─── Data supplied ───
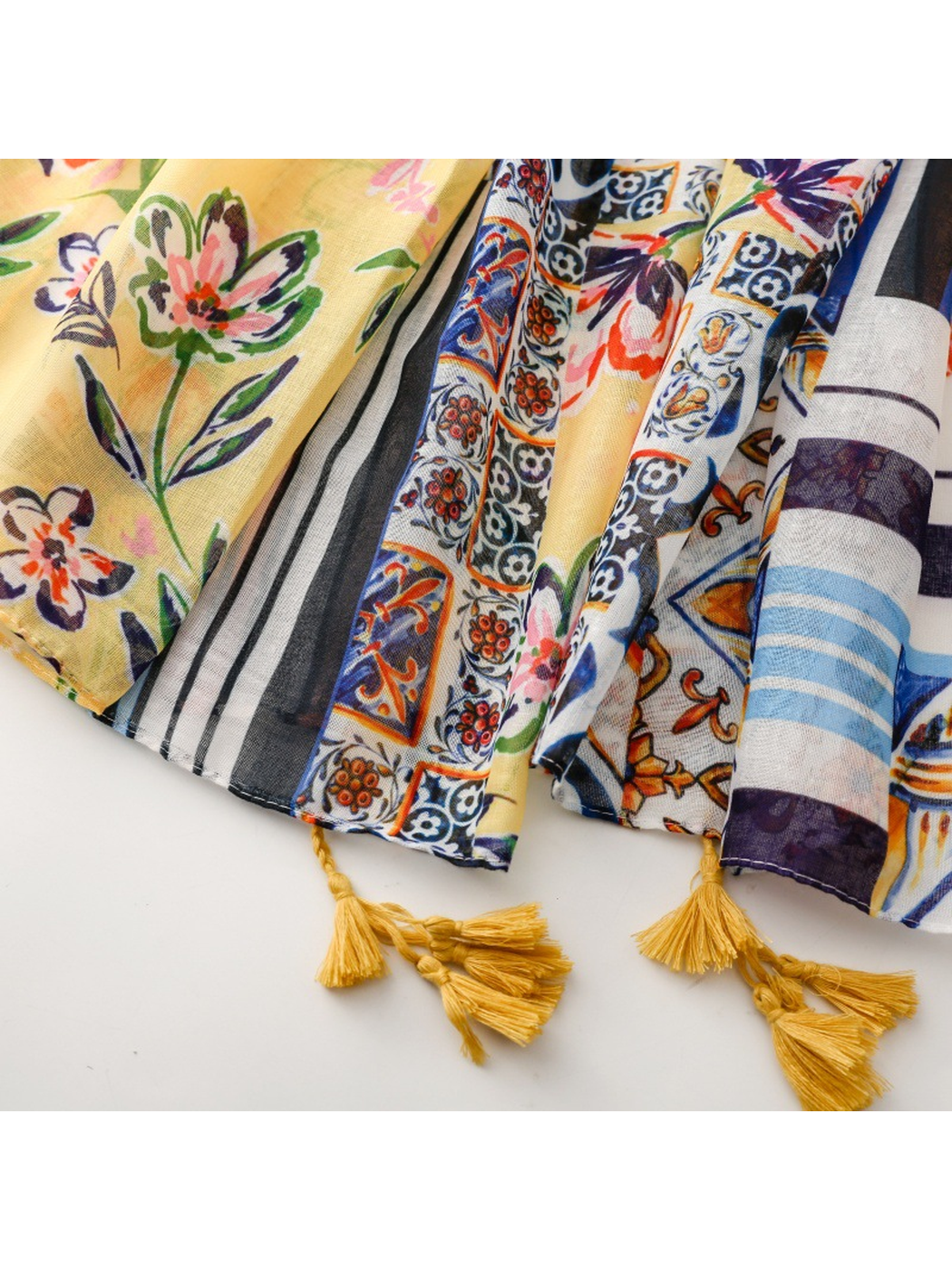 Close-up of the patterned scarf edges with stitched hems and mustard tassels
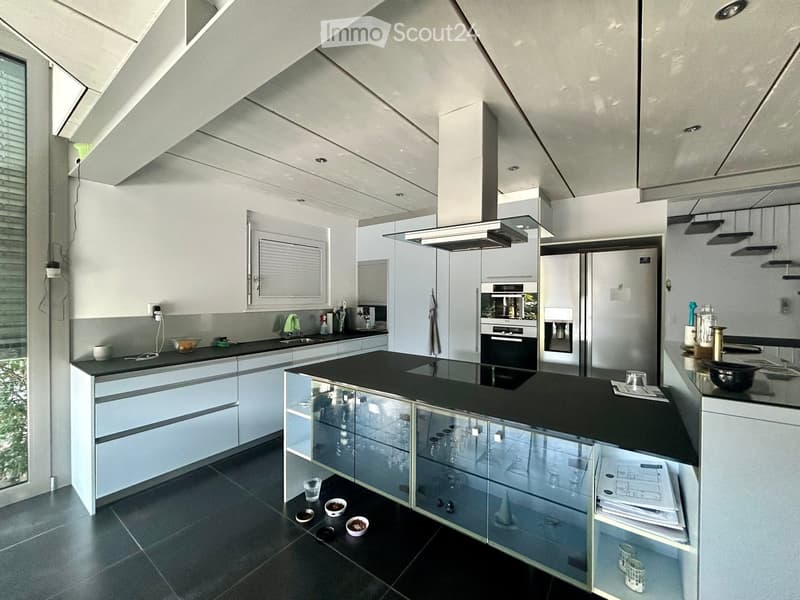 Modern kitchen with white cabinets, black countertops, stainless steel appliances, and a central island with glass-fronted cabinets.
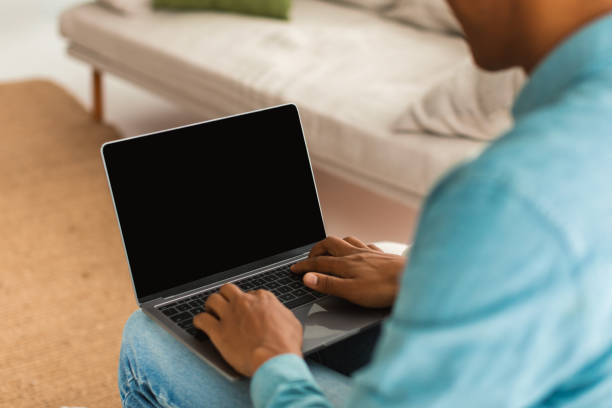 istock Young black guy in jeans typing on laptop with blank screen, chatting remotely in social networks 1476002394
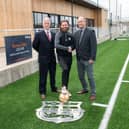 Melton Town assistant manager Paul Anderson (centre) with representatives from Bellway.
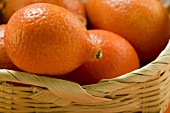 Small oranges in basket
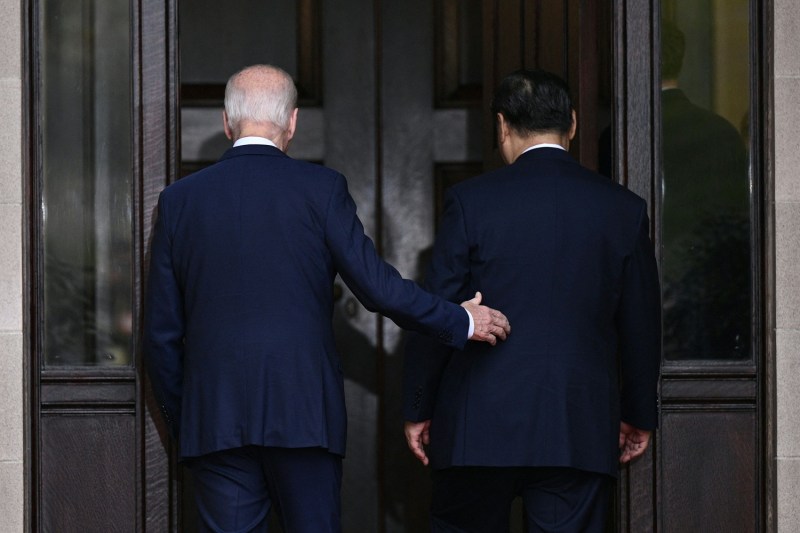 U.S. President Joe Biden (left) and Chinese President Xi Jinping arrive for a meeting of the Asia-Pacific Economic Cooperation forum.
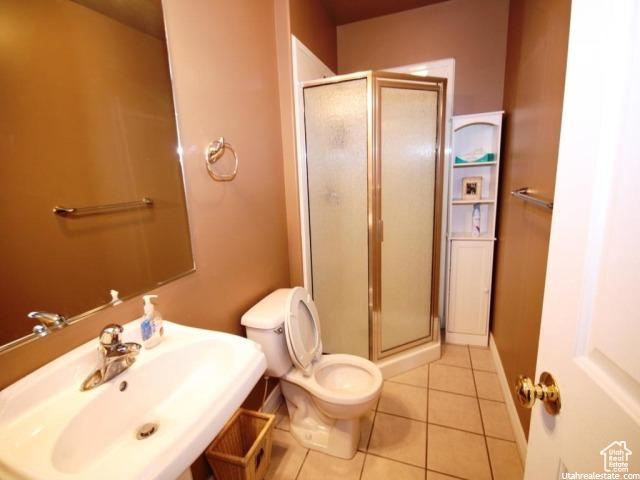 Bathroom with an enclosed shower, toilet, tile flooring, and sink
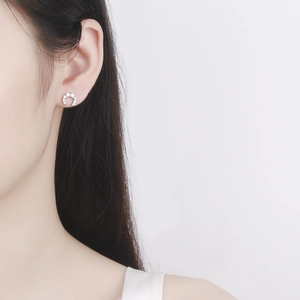 925 Sterling silver horseshoe stud earrings with zircon stones on a female model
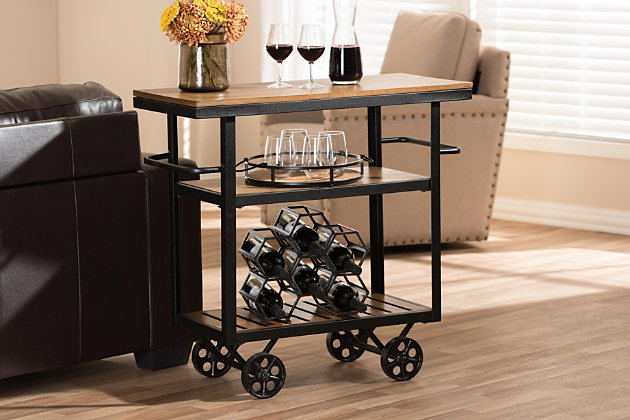 Roll out rustic industrial flair with this ultra-cool kitchen cart. Whether serving as an appliance stand or serving up style in the dining room, this mobile cart with locking casters offers so much versatility. Be it in a modern farmhouse or urban loft, this chic cart with dual towel bars simply says welcome home.Made of engineered wood and tubular metal | Distressed oak-tone finish | Antiqued black hardware | 2 towel bars | 3 levels of storage; slatted bottom shelf | Rolling casters for easy mobility | Assembly required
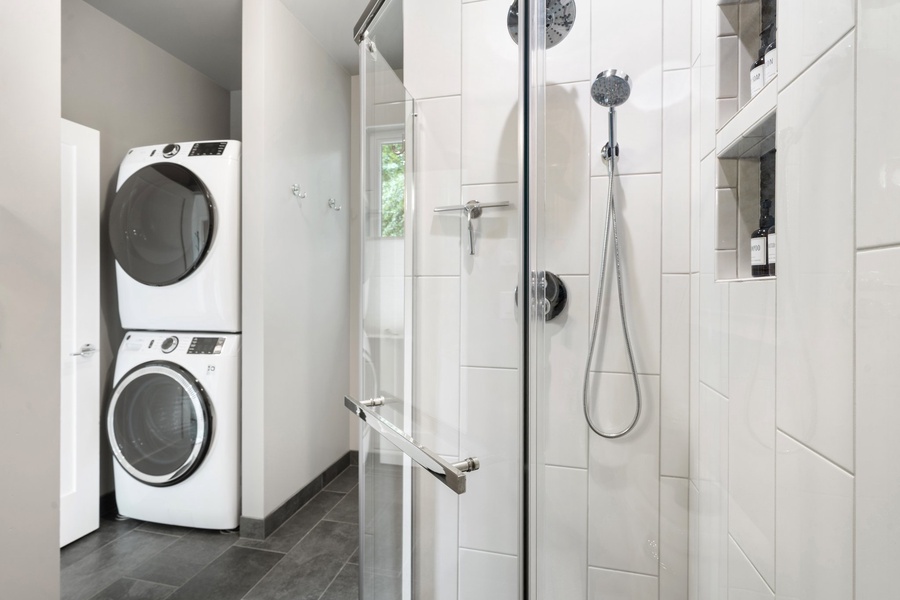 This walk-in shower and laundry area make it easy to clean up and keep moving.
───
## Task description
The answer must be an exact copy of the lines above, from the start of the records through the line with "925 Sterling silver", and of nothing else; no pictures belong in it.

## The completed task
 Close-up of the patterned scarf edges with stitched hems and mustard tassels
 Modern kitchen with white cabinets, black countertops, stainless steel appliances, and a central island with glass-fronted cabinets.
 istock Young black guy in jeans typing on laptop with blank screen, chatting remotely in social networks 1476002394
 Melton Town assistant manager Paul Anderson (centre) with representatives from Bellway.
 Small oranges in basket
 U.S. President Joe Biden (left) and Chinese President Xi Jinping arrive for a meeting of the Asia-Pacific Economic Cooperation forum.
 Bathroom with an enclosed shower, toilet, tile flooring, and sink
 925 Sterling silver horseshoe stud earrings with zircon stones on a female model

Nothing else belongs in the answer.